(Captioned web images)
· · ·
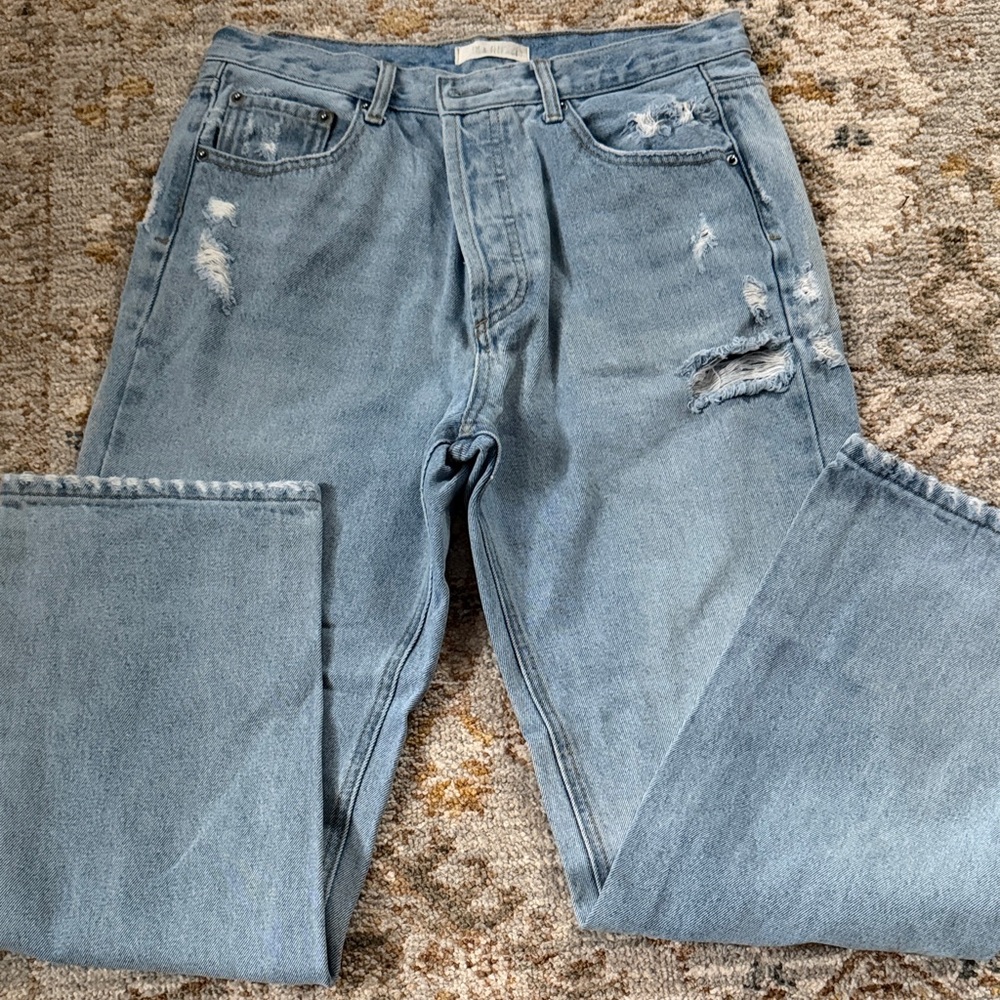 Em and Elle ripped jeans. Very gently worn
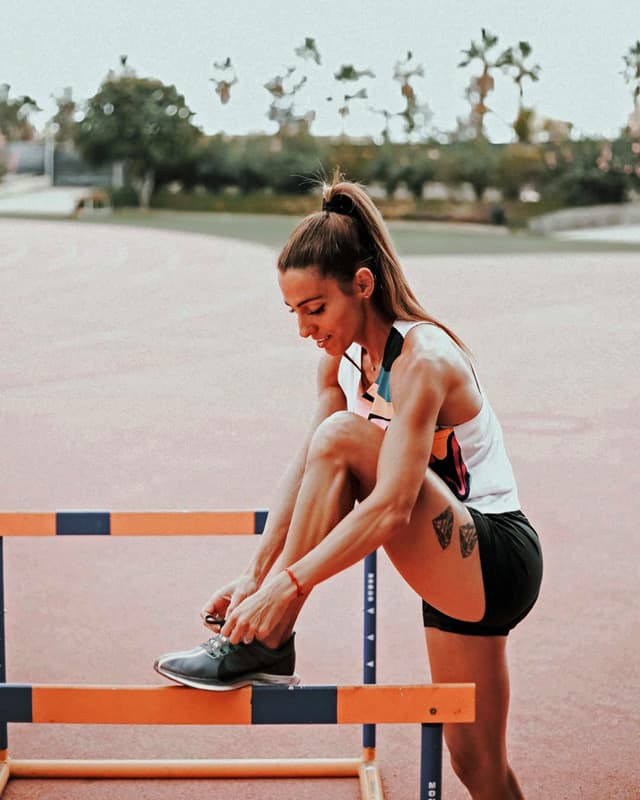 Ivet Lalova Collio tieing shoelace at track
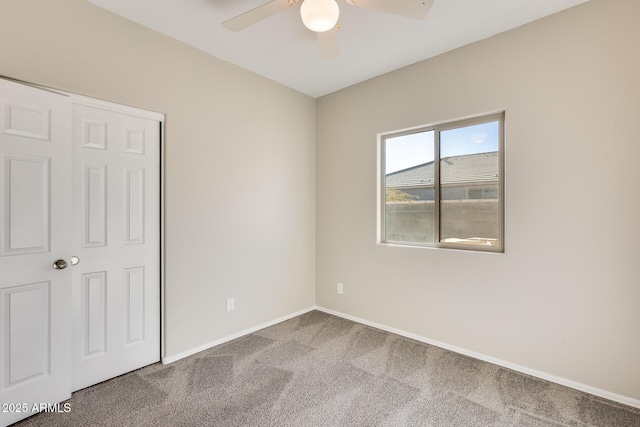 unfurnished bedroom with ceiling fan, carpet flooring, and a closet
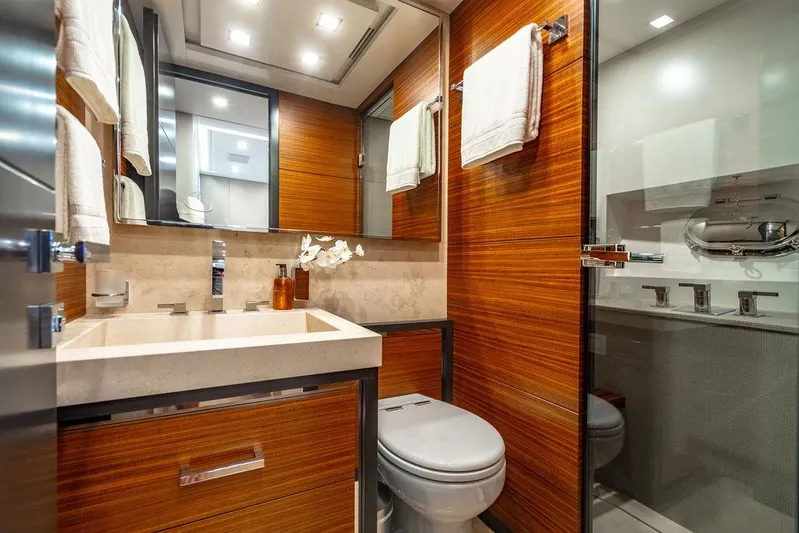 Mixed Emotions Yacht Photos Pics Luxurious bathroom in 2014 Mangusta 110 yacht, featuring wood paneling and modern fixtures.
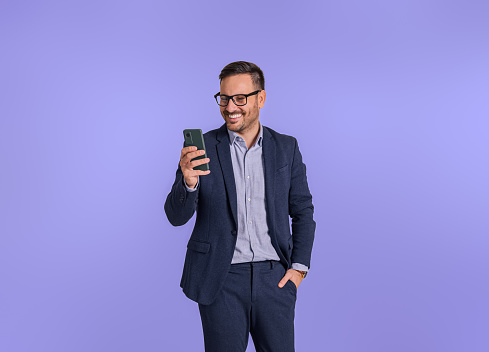 Smiling male professional chief with hand in pocket checking messages over smart phone. Young businessman dressed in formals using social media apps on cellphone isolated against blue background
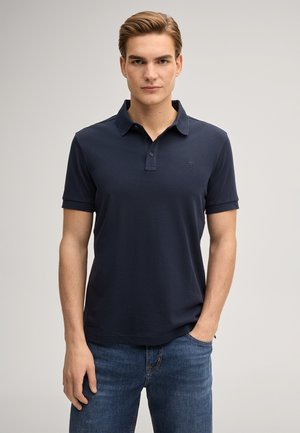 Joven con cabello corto castaño claro que lleva una camiseta tipo polo azul marino oscura y vaqueros azules, de pie con una mano en el bolsillo.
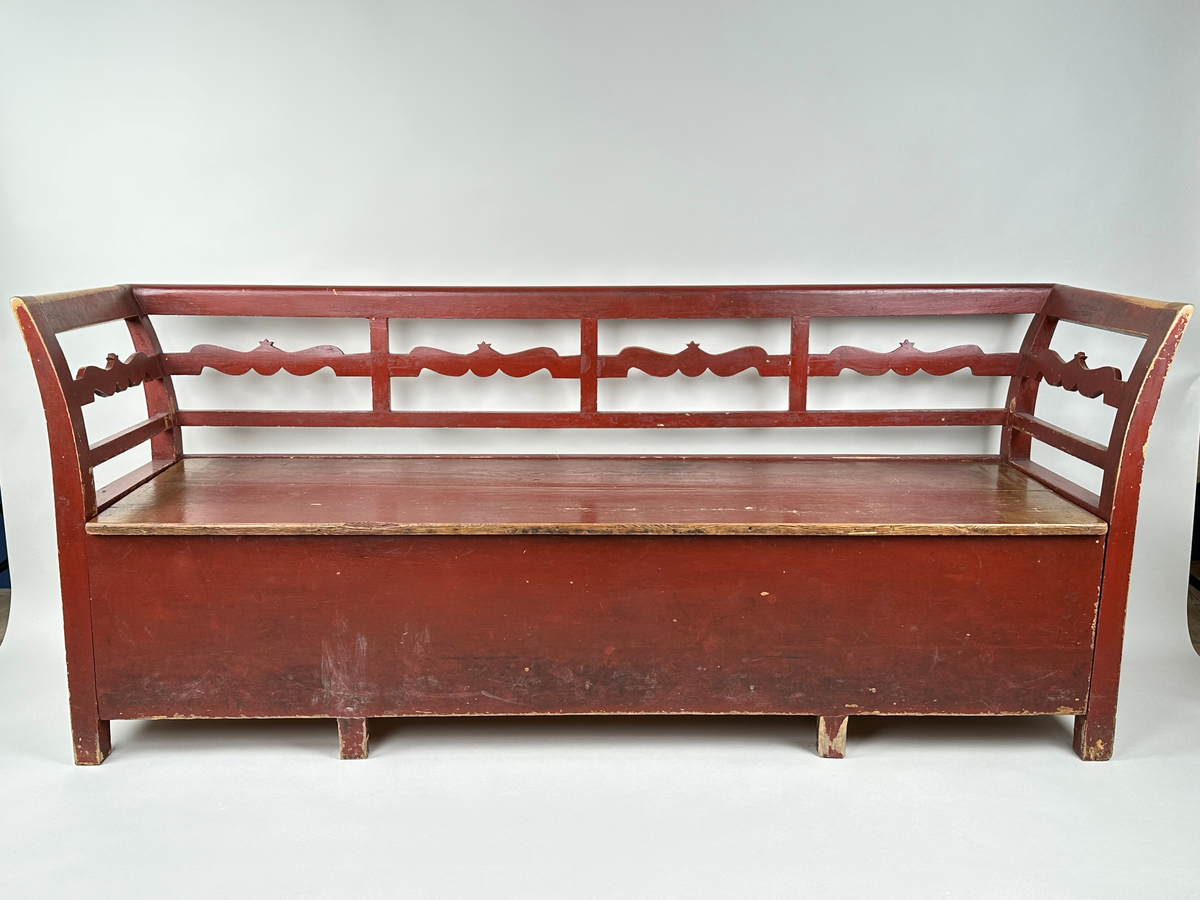 Kökssoffa i gran. Rödmålad. Rak rygg delad i fyra sektioner med en vågig tvärbricka mellan varje sektion. Armstöden något utåtsvängda med motsvarande tvärbricka. Fyrkantiga låga ben. Lock bestående av två brädor, avtagbart. Soffan ursprungligen utdragbar, senare fastskruvad i infällt läge. Insidan obehandlad. Senare förstärkt invändigt med en obehandlad bräda skruvad i soffans bakkant. Den utdragbara delen har två låga ben i framkant.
· · ·
» **Exercise aim**
Each line from the one that contains "Smiling male professional" down to the one that contains "Joven con cabello" is to be returned exactly as it stands above, both ends included, with pictures removed.

» **Task response**
 Smiling male professional chief with hand in pocket checking messages over smart phone. Young businessman dressed in formals using social media apps on cellphone isolated against blue background
 Joven con cabello corto castaño claro que lleva una camiseta tipo polo azul marino oscura y vaqueros azules, de pie con una mano en el bolsillo.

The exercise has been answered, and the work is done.